Problem to solve. Stop at the line containing "Judy Blue Midrise": repeat exactly every line of the entries below from the first up to it, plus that line, with pictures omitted.

Dataset items.
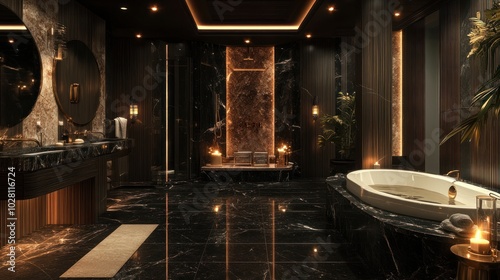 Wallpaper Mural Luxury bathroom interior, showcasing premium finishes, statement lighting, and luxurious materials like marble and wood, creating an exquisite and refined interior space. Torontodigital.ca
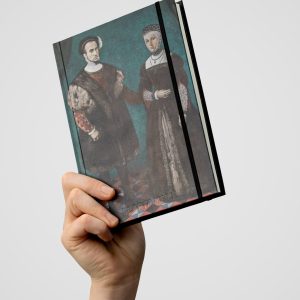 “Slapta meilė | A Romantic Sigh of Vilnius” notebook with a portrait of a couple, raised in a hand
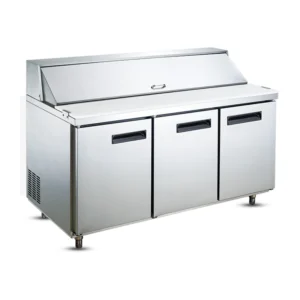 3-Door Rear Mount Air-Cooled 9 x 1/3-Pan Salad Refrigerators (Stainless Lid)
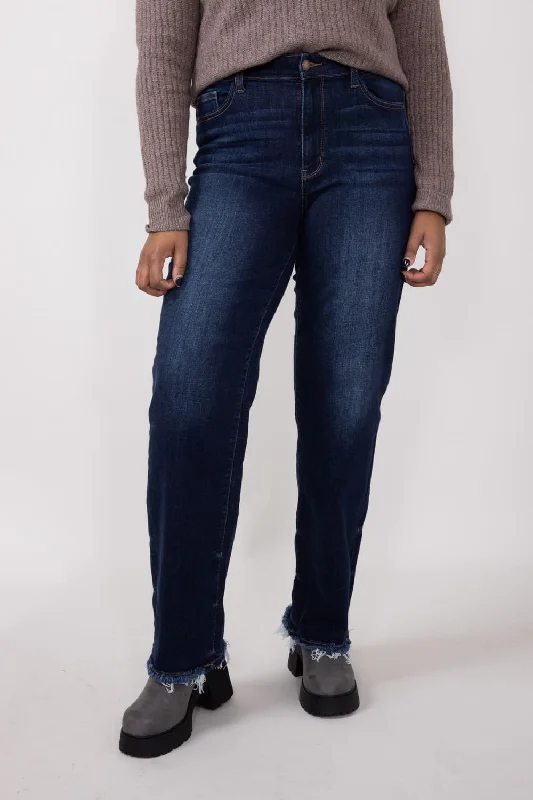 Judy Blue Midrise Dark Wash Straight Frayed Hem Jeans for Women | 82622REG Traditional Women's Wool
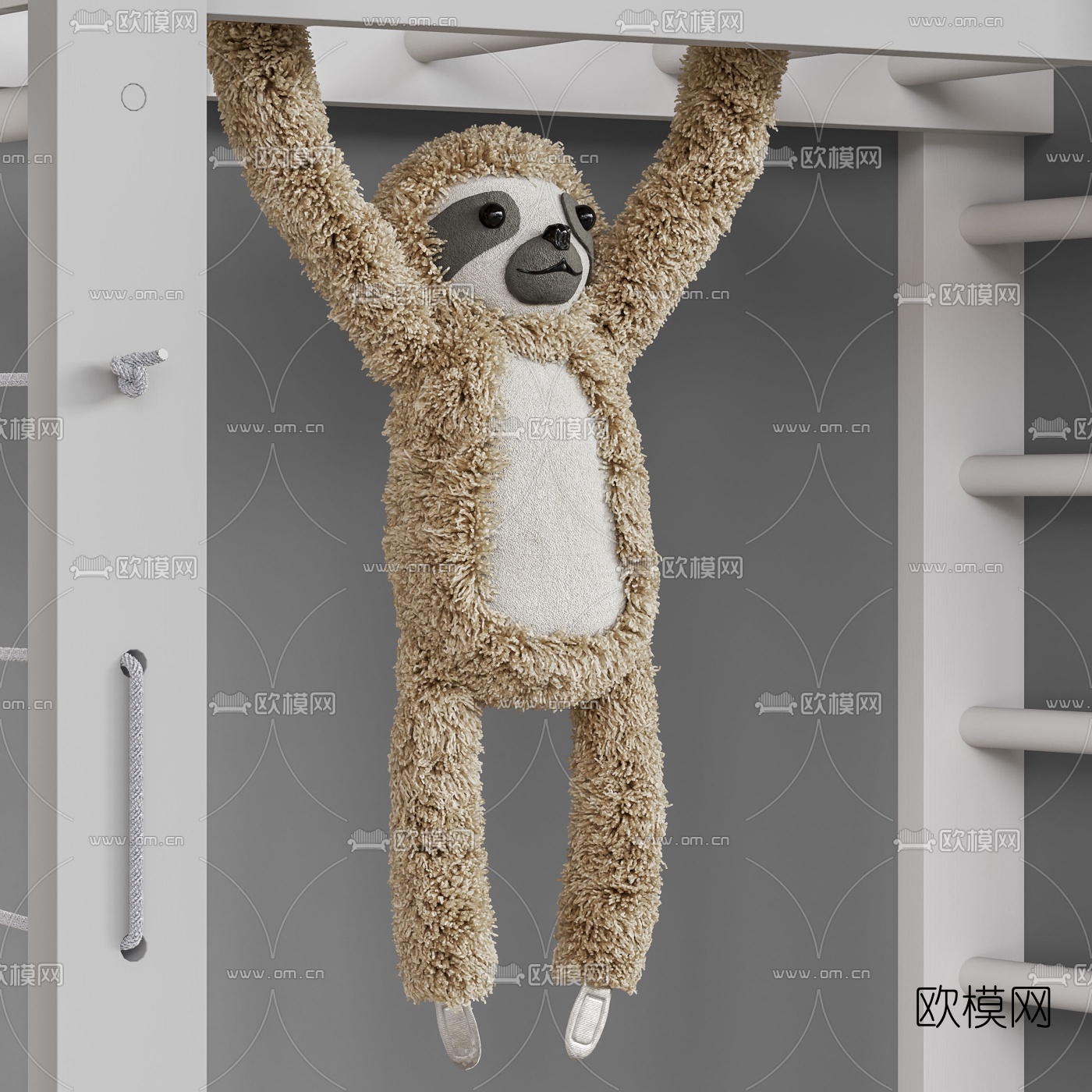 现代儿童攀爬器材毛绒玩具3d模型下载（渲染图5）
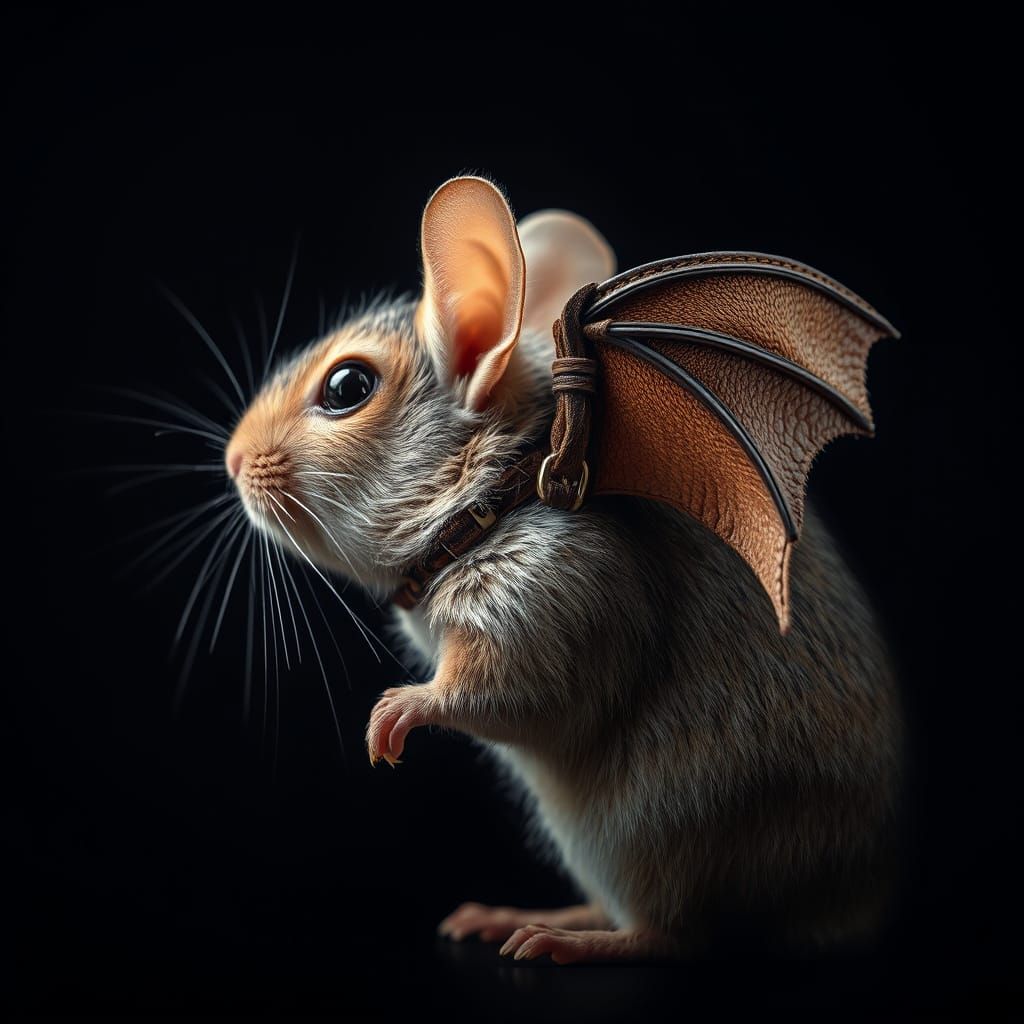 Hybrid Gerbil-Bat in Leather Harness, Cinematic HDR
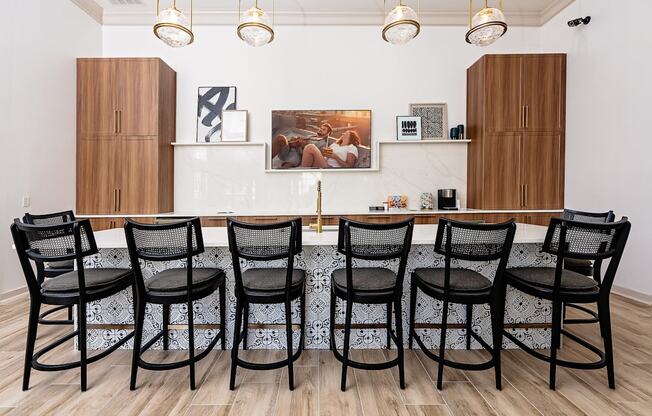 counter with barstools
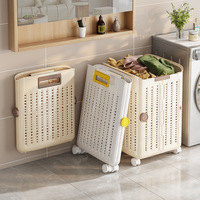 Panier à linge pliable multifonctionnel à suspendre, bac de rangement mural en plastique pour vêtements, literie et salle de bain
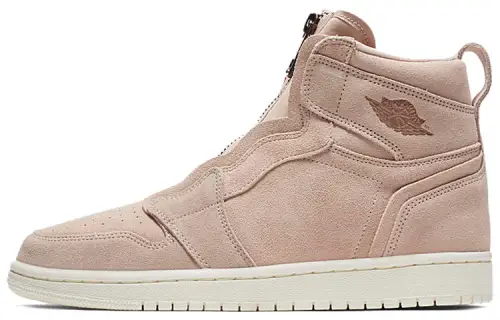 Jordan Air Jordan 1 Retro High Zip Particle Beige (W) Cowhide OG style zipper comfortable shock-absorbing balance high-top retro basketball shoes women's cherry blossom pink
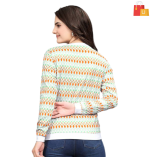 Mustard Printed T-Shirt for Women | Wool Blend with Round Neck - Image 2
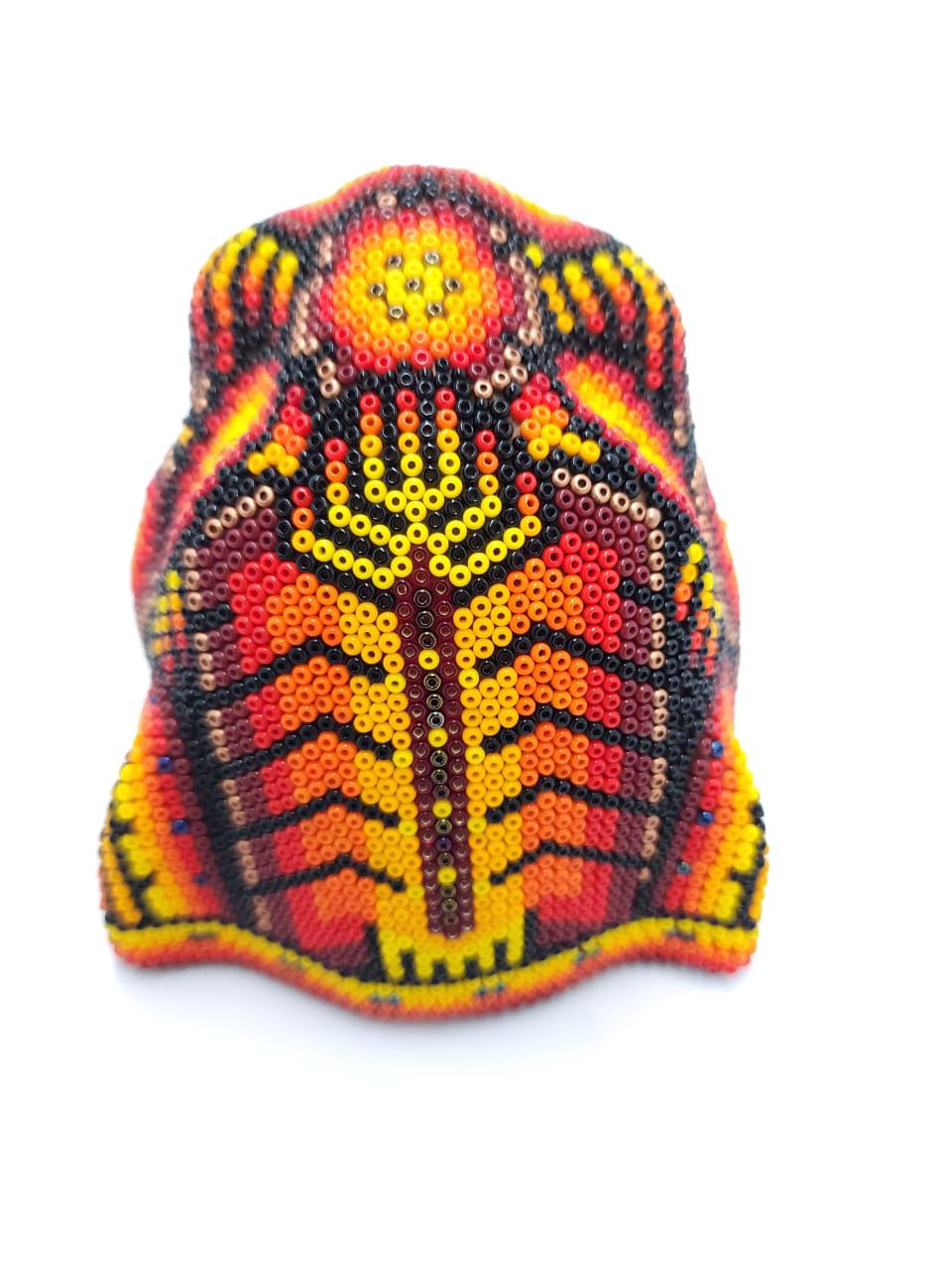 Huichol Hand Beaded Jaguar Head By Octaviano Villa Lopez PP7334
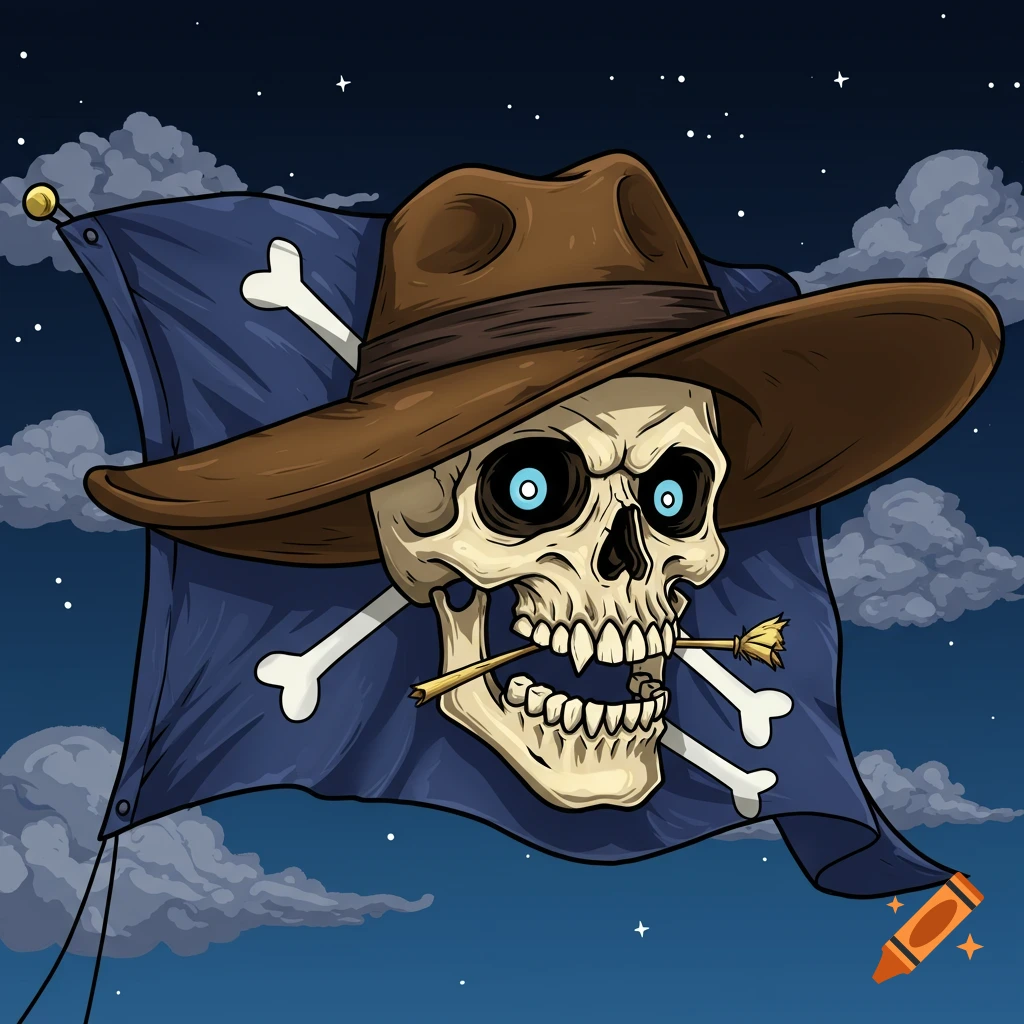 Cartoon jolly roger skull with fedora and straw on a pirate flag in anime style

Answer area.
 Wallpaper Mural Luxury bathroom interior, showcasing premium finishes, statement lighting, and luxurious materials like marble and wood, creating an exquisite and refined interior space. Torontodigital.ca
 “Slapta meilė | A Romantic Sigh of Vilnius” notebook with a portrait of a couple, raised in a hand
 3-Door Rear Mount Air-Cooled 9 x 1/3-Pan Salad Refrigerators (Stainless Lid)
 Judy Blue Midrise Dark Wash Straight Frayed Hem Jeans for Women | 82622REG Traditional Women's Wool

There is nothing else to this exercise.